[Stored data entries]
::::
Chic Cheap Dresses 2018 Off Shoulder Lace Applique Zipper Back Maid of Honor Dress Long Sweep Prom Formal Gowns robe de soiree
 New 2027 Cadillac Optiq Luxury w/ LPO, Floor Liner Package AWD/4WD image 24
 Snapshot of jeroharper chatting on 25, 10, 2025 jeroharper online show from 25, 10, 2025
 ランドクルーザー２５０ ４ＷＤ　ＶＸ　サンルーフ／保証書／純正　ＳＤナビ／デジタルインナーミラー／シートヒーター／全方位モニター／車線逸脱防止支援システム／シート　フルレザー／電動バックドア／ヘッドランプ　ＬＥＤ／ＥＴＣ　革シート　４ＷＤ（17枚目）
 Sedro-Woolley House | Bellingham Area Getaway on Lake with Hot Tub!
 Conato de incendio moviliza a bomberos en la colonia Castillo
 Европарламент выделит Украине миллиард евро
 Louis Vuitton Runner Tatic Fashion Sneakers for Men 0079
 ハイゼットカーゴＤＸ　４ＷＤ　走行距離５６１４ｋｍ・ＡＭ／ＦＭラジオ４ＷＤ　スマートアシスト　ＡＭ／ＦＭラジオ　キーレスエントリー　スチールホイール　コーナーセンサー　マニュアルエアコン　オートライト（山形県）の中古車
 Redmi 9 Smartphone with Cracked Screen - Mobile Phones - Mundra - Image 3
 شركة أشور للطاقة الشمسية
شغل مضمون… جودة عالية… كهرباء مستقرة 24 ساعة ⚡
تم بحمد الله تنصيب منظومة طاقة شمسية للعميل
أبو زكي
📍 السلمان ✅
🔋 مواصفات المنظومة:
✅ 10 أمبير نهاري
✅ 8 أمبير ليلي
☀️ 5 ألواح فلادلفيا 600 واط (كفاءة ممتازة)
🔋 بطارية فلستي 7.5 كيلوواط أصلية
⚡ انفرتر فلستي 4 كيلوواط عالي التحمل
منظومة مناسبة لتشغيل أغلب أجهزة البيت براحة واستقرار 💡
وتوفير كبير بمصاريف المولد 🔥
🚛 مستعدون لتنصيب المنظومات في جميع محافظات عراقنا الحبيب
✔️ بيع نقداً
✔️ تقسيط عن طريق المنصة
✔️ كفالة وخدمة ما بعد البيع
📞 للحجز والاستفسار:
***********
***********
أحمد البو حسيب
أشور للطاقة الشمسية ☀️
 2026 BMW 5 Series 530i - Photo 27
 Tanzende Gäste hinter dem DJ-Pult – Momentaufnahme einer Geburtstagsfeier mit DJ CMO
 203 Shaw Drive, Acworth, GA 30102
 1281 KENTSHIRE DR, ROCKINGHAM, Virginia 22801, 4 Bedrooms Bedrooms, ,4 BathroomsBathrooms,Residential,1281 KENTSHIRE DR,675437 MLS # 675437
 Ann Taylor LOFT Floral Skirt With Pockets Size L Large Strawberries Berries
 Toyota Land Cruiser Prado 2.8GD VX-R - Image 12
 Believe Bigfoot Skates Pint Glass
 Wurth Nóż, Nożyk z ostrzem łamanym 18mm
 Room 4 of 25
::::
ACTIVITY — Set down exactly, and only, the lines of the data above from the line containing "Ann Taylor LOFT" through the last one.

WRITTEN REPLY —
 Ann Taylor LOFT Floral Skirt With Pockets Size L Large Strawberries Berries
 Toyota Land Cruiser Prado 2.8GD VX-R - Image 12
 Believe Bigfoot Skates Pint Glass
 Wurth Nóż, Nożyk z ostrzem łamanym 18mm
 Room 4 of 25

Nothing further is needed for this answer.